(Items listed in a dataset)
▼▼▼

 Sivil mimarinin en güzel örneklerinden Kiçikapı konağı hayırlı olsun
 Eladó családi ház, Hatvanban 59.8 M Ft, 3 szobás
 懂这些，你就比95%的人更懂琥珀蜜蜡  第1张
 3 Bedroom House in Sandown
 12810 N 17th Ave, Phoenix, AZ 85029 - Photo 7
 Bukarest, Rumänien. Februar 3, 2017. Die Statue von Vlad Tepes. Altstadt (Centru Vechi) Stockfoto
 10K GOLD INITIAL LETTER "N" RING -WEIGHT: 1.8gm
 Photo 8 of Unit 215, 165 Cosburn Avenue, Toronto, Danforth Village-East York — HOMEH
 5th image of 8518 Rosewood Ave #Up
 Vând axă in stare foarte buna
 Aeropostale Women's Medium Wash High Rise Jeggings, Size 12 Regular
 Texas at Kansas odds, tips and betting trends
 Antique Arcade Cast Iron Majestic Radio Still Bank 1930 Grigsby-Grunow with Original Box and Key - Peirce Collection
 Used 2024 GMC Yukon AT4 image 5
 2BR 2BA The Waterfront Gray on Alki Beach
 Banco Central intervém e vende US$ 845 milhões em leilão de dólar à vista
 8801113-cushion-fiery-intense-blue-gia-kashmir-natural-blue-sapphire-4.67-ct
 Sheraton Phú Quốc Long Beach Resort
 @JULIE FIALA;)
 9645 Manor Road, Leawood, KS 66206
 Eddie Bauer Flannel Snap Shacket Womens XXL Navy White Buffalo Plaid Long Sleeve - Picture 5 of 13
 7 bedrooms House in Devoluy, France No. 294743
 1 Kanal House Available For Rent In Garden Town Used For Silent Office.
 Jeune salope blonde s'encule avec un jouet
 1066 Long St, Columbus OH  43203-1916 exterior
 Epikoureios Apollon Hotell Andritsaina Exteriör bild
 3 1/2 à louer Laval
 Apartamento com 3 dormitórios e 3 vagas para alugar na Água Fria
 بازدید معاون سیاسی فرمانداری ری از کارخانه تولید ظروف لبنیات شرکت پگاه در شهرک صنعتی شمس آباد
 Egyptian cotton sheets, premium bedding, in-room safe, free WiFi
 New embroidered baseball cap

▲▲▲

◆ TASK TO CARRY OUT
All the records, as written, must be given again.

◆ OUTPUT OF THE TASK
 Sivil mimarinin en güzel örneklerinden Kiçikapı konağı hayırlı olsun
 Eladó családi ház, Hatvanban 59.8 M Ft, 3 szobás
 懂这些，你就比95%的人更懂琥珀蜜蜡  第1张
 3 Bedroom House in Sandown
 12810 N 17th Ave, Phoenix, AZ 85029 - Photo 7
 Bukarest, Rumänien. Februar 3, 2017. Die Statue von Vlad Tepes. Altstadt (Centru Vechi) Stockfoto
 10K GOLD INITIAL LETTER "N" RING -WEIGHT: 1.8gm
 Photo 8 of Unit 215, 165 Cosburn Avenue, Toronto, Danforth Village-East York — HOMEH
 5th image of 8518 Rosewood Ave #Up
 Vând axă in stare foarte buna
 Aeropostale Women's Medium Wash High Rise Jeggings, Size 12 Regular
 Texas at Kansas odds, tips and betting trends
 Antique Arcade Cast Iron Majestic Radio Still Bank 1930 Grigsby-Grunow with Original Box and Key - Peirce Collection
 Used 2024 GMC Yukon AT4 image 5
 2BR 2BA The Waterfront Gray on Alki Beach
 Banco Central intervém e vende US$ 845 milhões em leilão de dólar à vista
 8801113-cushion-fiery-intense-blue-gia-kashmir-natural-blue-sapphire-4.67-ct
 Sheraton Phú Quốc Long Beach Resort
 @JULIE FIALA;)
 9645 Manor Road, Leawood, KS 66206
 Eddie Bauer Flannel Snap Shacket Womens XXL Navy White Buffalo Plaid Long Sleeve - Picture 5 of 13
 7 bedrooms House in Devoluy, France No. 294743
 1 Kanal House Available For Rent In Garden Town Used For Silent Office.
 Jeune salope blonde s'encule avec un jouet
 1066 Long St, Columbus OH  43203-1916 exterior
 Epikoureios Apollon Hotell Andritsaina Exteriör bild
 3 1/2 à louer Laval
 Apartamento com 3 dormitórios e 3 vagas para alugar na Água Fria
 بازدید معاون سیاسی فرمانداری ری از کارخانه تولید ظروف لبنیات شرکت پگاه در شهرک صنعتی شمس آباد
 Egyptian cotton sheets, premium bedding, in-room safe, free WiFi
 New embroidered baseball cap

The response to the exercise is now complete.